ERIC CHAKEEN

Still, Corridor’s clothes often transcend the trap of slightly tweaked basics. These days, Snyder works almost exclusively with international textile suppliers in places like India, Peru, Italy, and Portugal. Snyder, a passionate rug collector, considers his specialities to be textile work and color. The day of our lunch, Snyder is wearing a then-unreleased “overshot western” shirt in a lime green and a checkered pattern that looks rendered in 8-bit. 
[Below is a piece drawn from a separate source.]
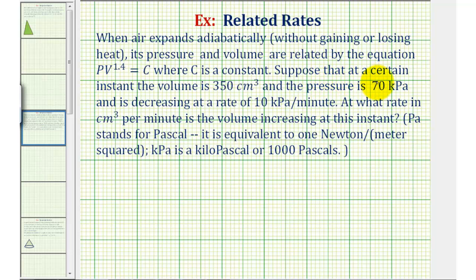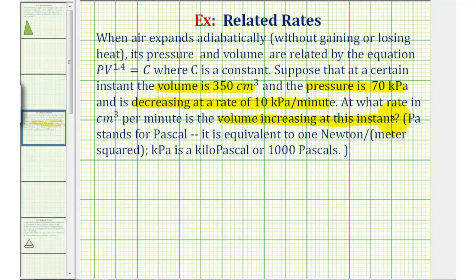Suppose at a certain instant the volume is 350 cubic centimeters, and the pressure is 70 kilopascals, and is decreasing at a rate of 10 kilopascals per minute. At what rate in cubic centimeters per minute is the volume increasing at that instant?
“Green means go,” Snyder says when I ask how he landed on this particular shade. “This shirt’s really a day-to-night thing. You can wear it out. If you go more olive, you can’t wear this out.”

Why? 

“Olive’s not sexy.” 

He credits his brand’s recent surge to men coming out of the pandemic with the desire to be more expressive. Not only did guys discover more about themselves—and, consequently, their style—while locked down, they came out with a peacock’s mentality. “You were stuck inside. Now, you can be out, you can look at people, they can look at you, you can emit something. You don’t have to talk to them,” Snyder says. “But at least you can feel like this.” 


Seth, a 29-year-old mechanical engineer in Long Island, embodies this emergent middle man, and he buys as much from Corridor as he can. He wears the brand’s selvedge denim practically every day. Much of the rest of his closet—hats, jackets, shorts, socks, and about 20 shirts—comes from Corridor, too. Seth’s journey to the brand is representative of the generation of guys who have outgrown the mall shops and are now driving the success of labels like Corridor.

Seth first got into clothes, as so many guys his age did, through J.Crew. “I shopped at J.Crew almost exclusively throughout college,” he says. But a few years after he graduated, he decided he needed something more interesting. Corridor, which was in its infancy as the fashion brand for non-fashion guys, was the fix. “I jumped ship,” Seth says. “It felt like a simple progression from J.Crew, where there were a lot of fairly simple, traditional items, especially the button ups, but taken up multiple levels in creativity and quality.”